Hi All,
I have an excel table with 3 tab-delimited columns and n rows like this:
**header marker cm**
101 4 0-7.195
103 8 38.582-49.653
103 5 43.096-46.534
103 1 49.653-49.653
103 1 51.676-51.676
104 2 22.454-37.061
104 4 23.351-37.061
105 2 83.619-84.178
106 1 36.307-36.307
106 1 40.62-40.62
I need an output like this:
**header marker cm**
101 4 0-7.195
103 15 38.582-51.676
104 6 22.454-37.061
105 2 83.619-84.178
106 2 36.307-40.62
So, I need to collapse the duplicates in the header column, keeping the sum of the markers obtained from every row of that duplicate, and extract from the cm column the lowest and the highest value among all the rows of that duplicate.
For example, for the duplicate 103 the sum is 8 + 5 + 1 + 1, the lowest cm value is 38.582 in the 2nd row and the highest cm value is 51.676 in the 5th row. In the table there are also not duplicate headers (like the 101) that have to be keep directly as they are.

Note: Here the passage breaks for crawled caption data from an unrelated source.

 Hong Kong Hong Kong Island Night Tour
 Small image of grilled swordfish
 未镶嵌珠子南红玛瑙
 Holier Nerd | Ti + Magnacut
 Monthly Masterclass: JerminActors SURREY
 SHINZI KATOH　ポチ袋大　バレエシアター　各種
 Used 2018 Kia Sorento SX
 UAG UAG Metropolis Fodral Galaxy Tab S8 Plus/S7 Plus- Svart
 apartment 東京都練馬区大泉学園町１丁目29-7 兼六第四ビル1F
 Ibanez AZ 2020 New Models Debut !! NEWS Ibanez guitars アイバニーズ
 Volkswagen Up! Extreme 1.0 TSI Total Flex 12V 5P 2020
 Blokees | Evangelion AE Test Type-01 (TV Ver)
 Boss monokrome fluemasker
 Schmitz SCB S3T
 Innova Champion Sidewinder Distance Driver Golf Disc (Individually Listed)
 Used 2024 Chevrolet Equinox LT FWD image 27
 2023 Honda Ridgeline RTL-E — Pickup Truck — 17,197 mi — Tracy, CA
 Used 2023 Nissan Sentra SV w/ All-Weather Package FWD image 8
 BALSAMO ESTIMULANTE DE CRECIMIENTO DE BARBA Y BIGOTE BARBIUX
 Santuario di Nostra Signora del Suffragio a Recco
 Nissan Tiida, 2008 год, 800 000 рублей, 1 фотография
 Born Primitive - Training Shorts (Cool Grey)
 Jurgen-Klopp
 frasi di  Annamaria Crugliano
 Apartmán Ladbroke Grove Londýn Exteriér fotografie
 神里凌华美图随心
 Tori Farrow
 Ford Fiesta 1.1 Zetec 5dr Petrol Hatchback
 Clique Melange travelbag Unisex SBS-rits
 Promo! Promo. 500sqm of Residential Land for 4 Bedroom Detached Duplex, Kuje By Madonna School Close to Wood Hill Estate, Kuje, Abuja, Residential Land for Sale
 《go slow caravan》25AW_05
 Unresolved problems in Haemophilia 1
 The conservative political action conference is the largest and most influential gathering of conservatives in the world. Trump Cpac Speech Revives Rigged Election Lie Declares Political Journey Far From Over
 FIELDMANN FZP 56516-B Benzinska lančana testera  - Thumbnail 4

Any idea for an automated solution?
Thank you
Hello,
This post looks off-topic for the site. Please substantiate how this question is related to bioinformatics.
Yes I'm going to explain it better. The "header" column represents my sequences, the "marker" column represents the number of molecular markers that I found on the sequences of the "header" column, the "cm" column represents the range position in centimorgan of these markers on my sequences.
Please edit your question and add this information in there.